Entries shown:
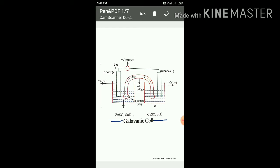In a galvanic cell, the anode has a negative charge and the cathode has a positive charge. In an electrolytic cell, these signs are opposite.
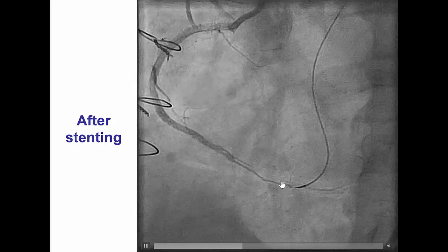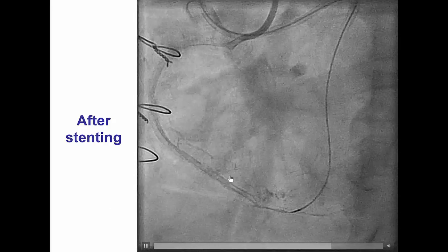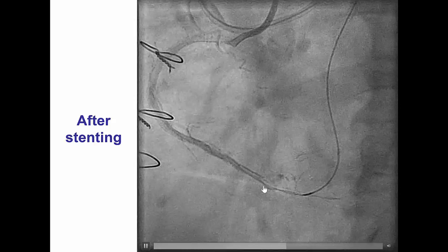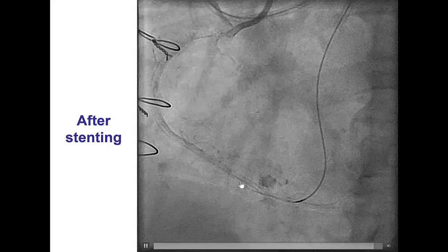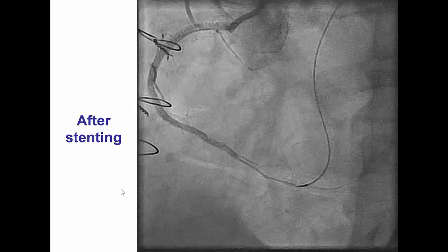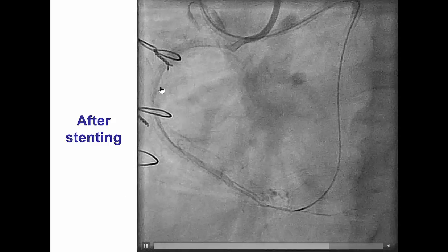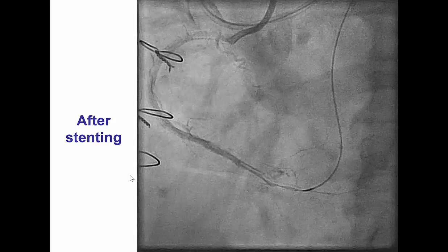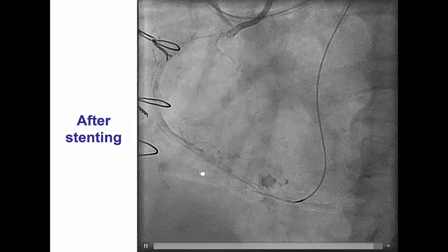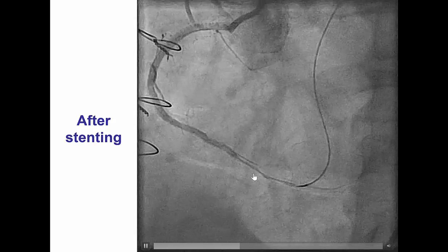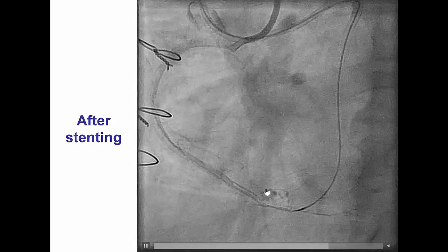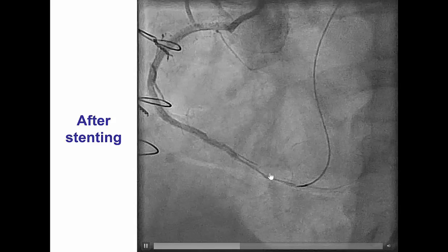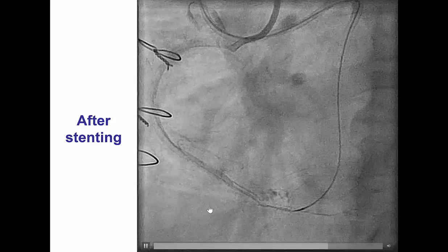When a perforation like this happens, the very first step is to perform balloon inflation and stop the bleeding into the pericardium, which we did. However, the perforation continued. This was a patient with previous coronary bypass graft surgery, which creates additional risk for pericardial tamponade if perforation occurs, because localized effusions can form that can compress various cardiac structures.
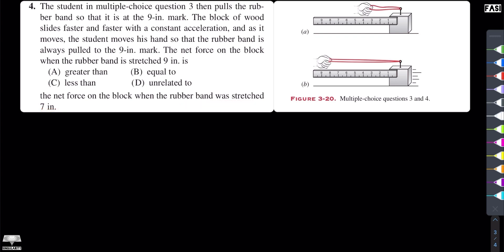We have seen the multiple choice question where we analyzed the total force on the block when the rubber band was at 6 inches and 7 inches.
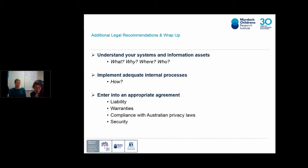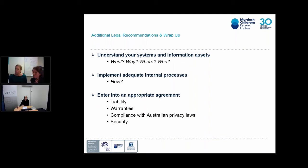That's the end of our presentation. Thank you so much, Phoebe and Amandine — that's a really great overview of the privacy legislation and things that people need to consider.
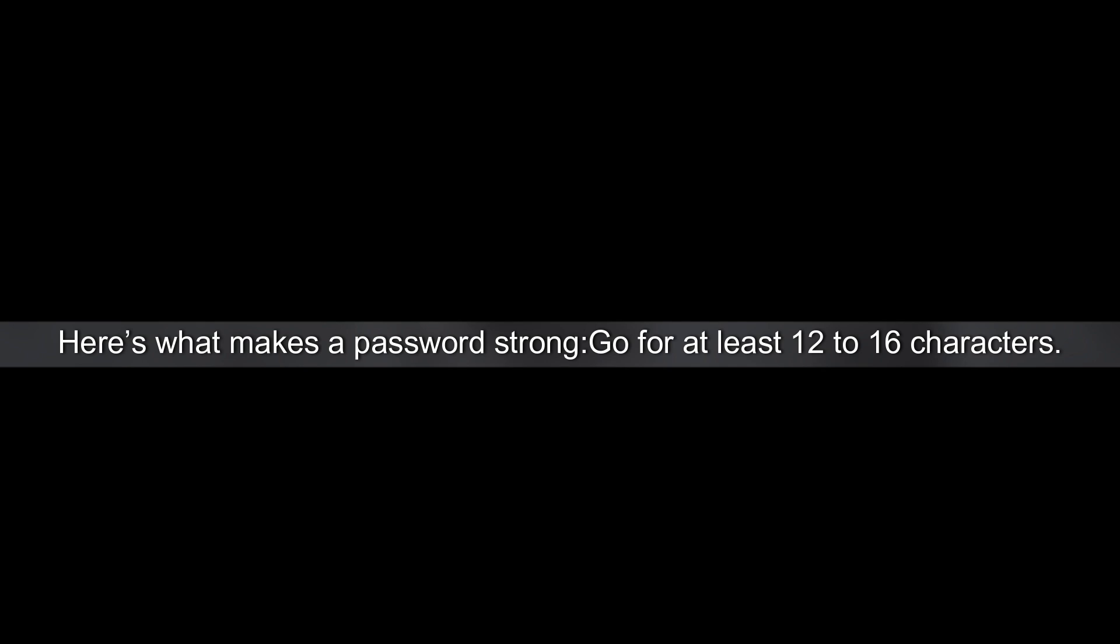Here's what makes a password strong. Go for at least 12 to 16 characters. Mix uppercase, lowercase, numbers and special characters.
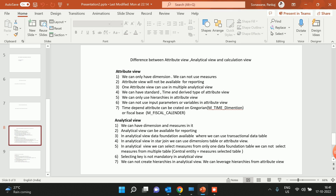In attribute view we can only create hierarchies; we cannot use input parameters or variables. Yes, we can use filters. If you want to create a time-dependent attribute view, there are two types you can create: Gregorian and fiscal based.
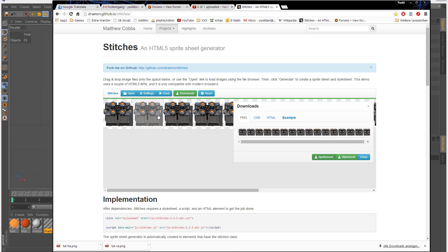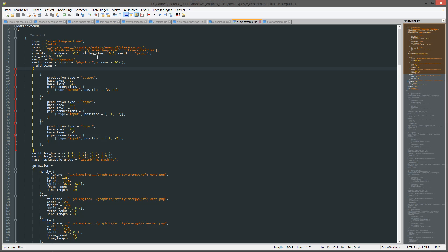Now I copy these animations and spritesheets and integrate them into the code. And with some luck, Factorio placed it correctly and we'll see it in a short moment in-game.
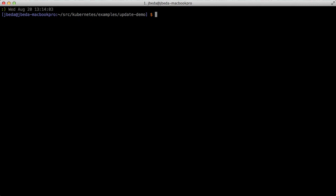Hi, my name is Joe Beda and I want to give you a demo of how you can do rolling updates for Kubernetes. This is a level 200 talk on how Kubernetes works.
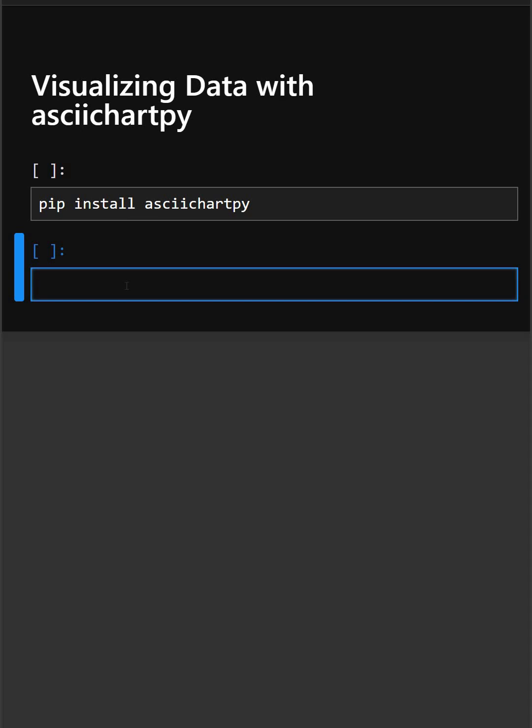Hello everyone, welcome back to our channel. We are back again with a new video. So today's library is asciichartpy. If you want to create different stylish terminal plots, you can use this very easily within two or three lines of code.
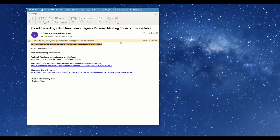Within Zoom you can actually edit the front and the back, and I'll show you how to do that in a moment. This is the email that you'll get once you get your cloud recording back from Zoom — this is the host-only version and this is the share-with-viewers version.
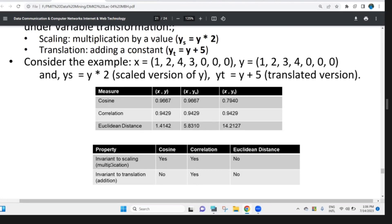So, if we were to do this, we would have to change the property. The Euclidean distance — we would have to change the property.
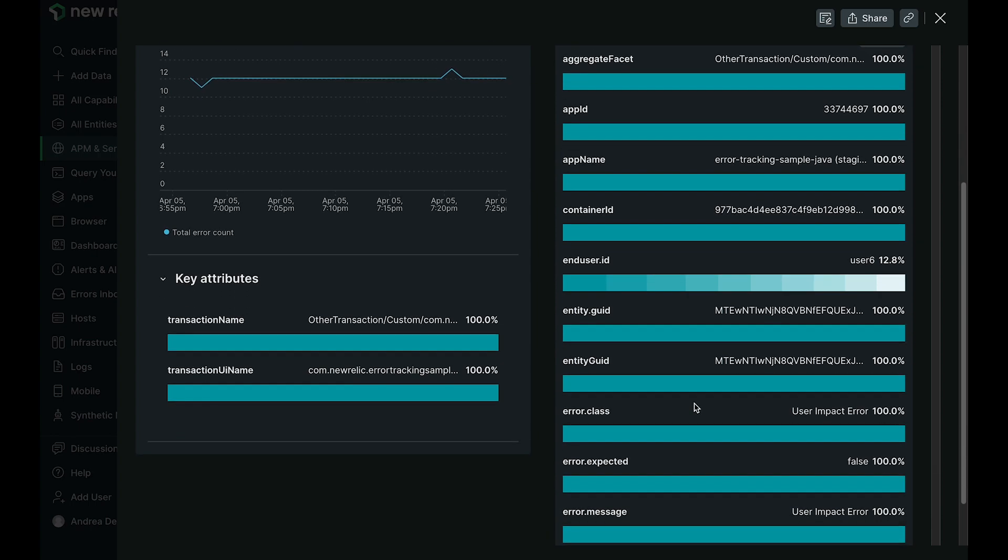Stay tuned for profiling or profiles at the scope of all error events, which is coming soon.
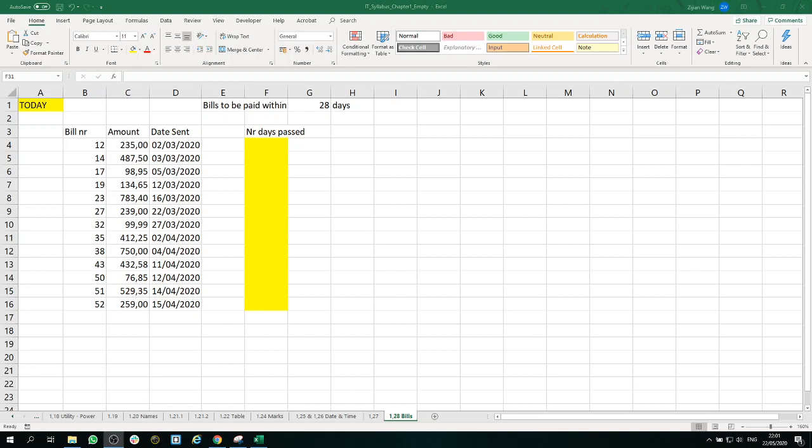Exercise 1.28. In this exercise, we will introduce a new function. You have already mastered quite a few, but now there's a new one that's quite useful.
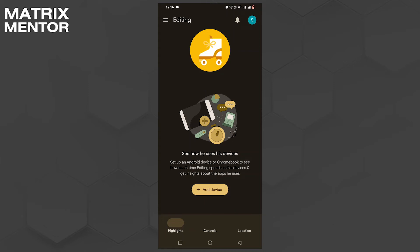Hello everyone. In this video, we'll talk about how to get the parent access code for the Google Family Link app. Do you use the Google Family Link app but your child has locked their phone while trying to disable the parental control, or do you just want to look at your parental access code? Then this video is for you. I'll guide you through the simple steps to obtain your parental access code on the Google Family Link app. Let's get started.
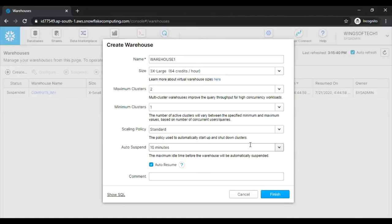That means the cluster starts immediately when either a query is queued or the system detects that there is one more query than the currently running clusters can execute. Again, the cluster will shut down after two to three consecutive successful checks and these consecutive successful checks are performed at one minute intervals. Generally we call this heartbeat in servers technology. Which determines whether the load on the least loaded cluster could be redistributed to other clusters without spinning up the cluster again.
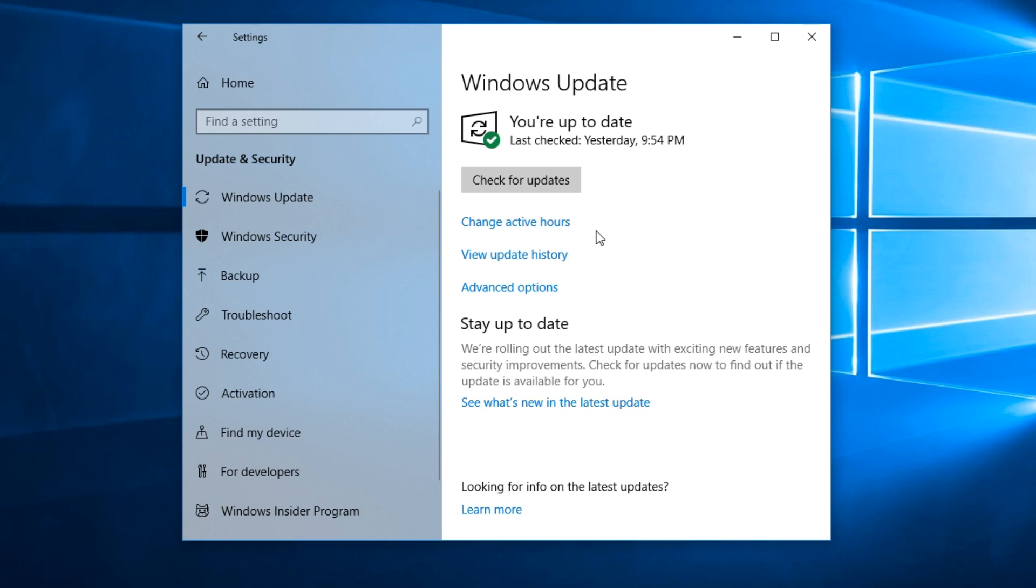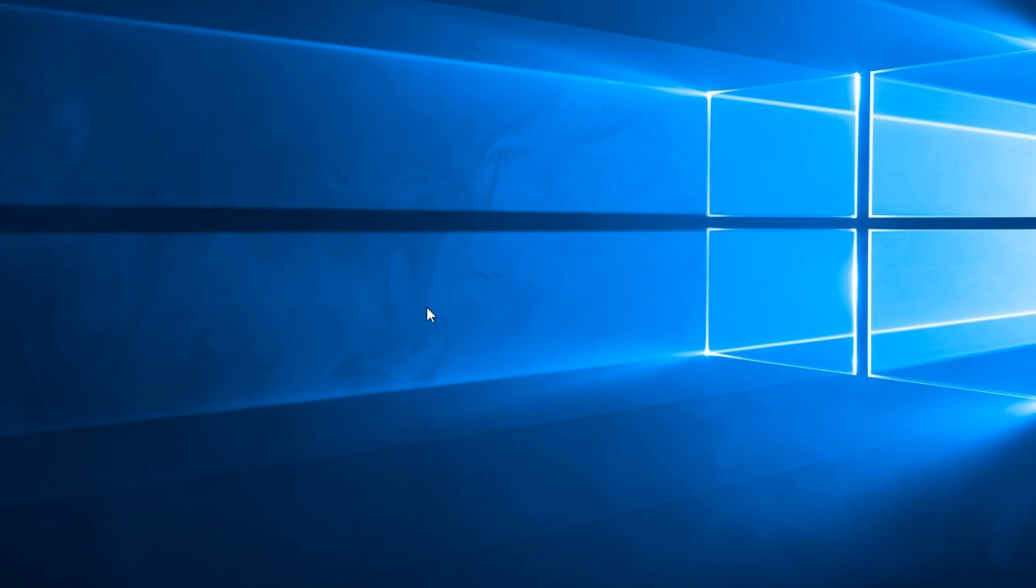You can click on Check for Updates, and Windows will tell you what updates are available for you and will install them when you're ready.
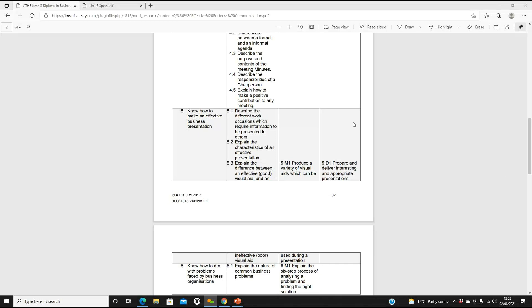So, Victoria, can you see my screen? Yeah. Brilliant. So, we're looking at learning outcome five, and that is know how to make an effective business presentation.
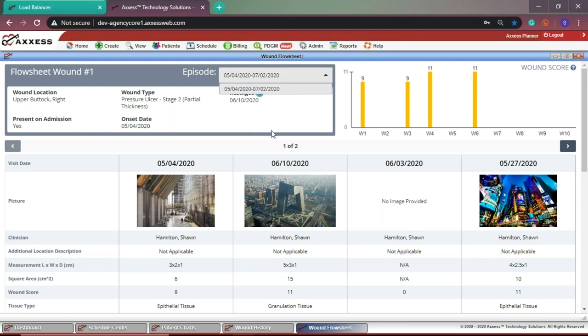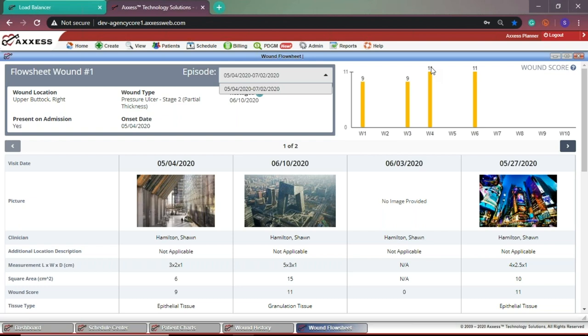The wound score graph is a visualization of the wound status with a timeline of one to ten weeks. The wound score is located at the top of the bar graph. Healing is represented by a decrease in the wound score for each week. An increase in the number indicates a declining wound status, and when the number does not change for two or more weeks, stagnation or delayed wound healing is identified.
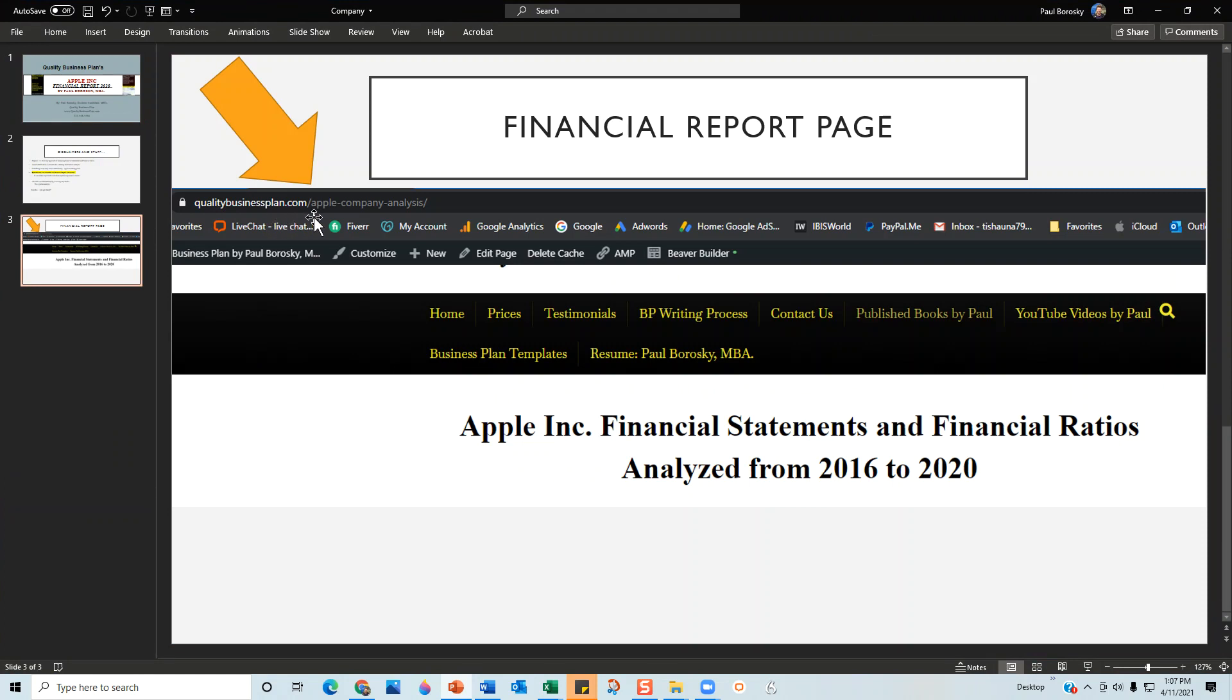qualitybusinessplan.com/Apple-company-analysis. On this website it'll show you Apple Incorporated financial statements and financial ratios analyzed from 2016 to 2020. Scroll down a little bit further and you are able to buy my Apple financial report. Hopefully y'all will be able to download it in PDF.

Task instructions: Set down all the entries exactly as they appear, but skip any pictures.

Reply:
In a galvanic cell, the anode has a negative charge and the cathode has a positive charge. In an electrolytic cell, these signs are opposite.
When a perforation like this happens, the very first step is to perform balloon inflation and stop the bleeding into the pericardium, which we did. However, the perforation continued. This was a patient with previous coronary bypass graft surgery, which creates additional risk for pericardial tamponade if perforation occurs, because localized effusions can form that can compress various cardiac structures.
We have seen the multiple choice question where we analyzed the total force on the block when the rubber band was at 6 inches and 7 inches.
That's the end of our presentation. Thank you so much, Phoebe and Amandine — that's a really great overview of the privacy legislation and things that people need to consider.
Here's what makes a password strong. Go for at least 12 to 16 characters. Mix uppercase, lowercase, numbers and special characters.
In attribute view we can only create hierarchies; we cannot use input parameters or variables. Yes, we can use filters. If you want to create a time-dependent attribute view, there are two types you can create: Gregorian and fiscal based.
Now I copy these animations and spritesheets and integrate them into the code. And with some luck, Factorio placed it correctly and we'll see it in a short moment in-game.
Hi, my name is Joe Beda and I want to give you a demo of how you can do rolling updates for Kubernetes. This is a level 200 talk on how Kubernetes works.
Hello everyone, welcome back to our channel. We are back again with a new video. So today's library is asciichartpy. If you want to create different stylish terminal plots, you can use this very easily within two or three lines of code.
Within Zoom you can actually edit the front and the back, and I'll show you how to do that in a moment. This is the email that you'll get once you get your cloud recording back from Zoom — this is the host-only version and this is the share-with-viewers version.
So, if we were to do this, we would have to change the property. The Euclidean distance — we would have to change the property.
Stay tuned for profiling or profiles at the scope of all error events, which is coming soon.
Exercise 1.28. In this exercise, we will introduce a new function. You have already mastered quite a few, but now there's a new one that's quite useful.
Hello everyone. In this video, we'll talk about how to get the parent access code for the Google Family Link app. Do you use the Google Family Link app but your child has locked their phone while trying to disable the parental control, or do you just want to look at your parental access code? Then this video is for you. I'll guide you through the simple steps to obtain your parental access code on the Google Family Link app. Let's get started.
That means the cluster starts immediately when either a query is queued or the system detects that there is one more query than the currently running clusters can execute. Again, the cluster will shut down after two to three consecutive successful checks and these consecutive successful checks are performed at one minute intervals. Generally we call this heartbeat in servers technology. Which determines whether the load on the least loaded cluster could be redistributed to other clusters without spinning up the cluster again.
You can click on Check for Updates, and Windows will tell you what updates are available for you and will install them when you're ready.
So, Victoria, can you see my screen? Yeah. Brilliant. So, we're looking at learning outcome five, and that is know how to make an effective business presentation.
The wound score graph is a visualization of the wound status with a timeline of one to ten weeks. The wound score is located at the top of the bar graph. Healing is represented by a decrease in the wound score for each week. An increase in the number indicates a declining wound status, and when the number does not change for two or more weeks, stagnation or delayed wound healing is identified.
qualitybusinessplan.com/Apple-company-analysis. On this website it'll show you Apple Incorporated financial statements and financial ratios analyzed from 2016 to 2020. Scroll down a little bit further and you are able to buy my Apple financial report. Hopefully y'all will be able to download it in PDF.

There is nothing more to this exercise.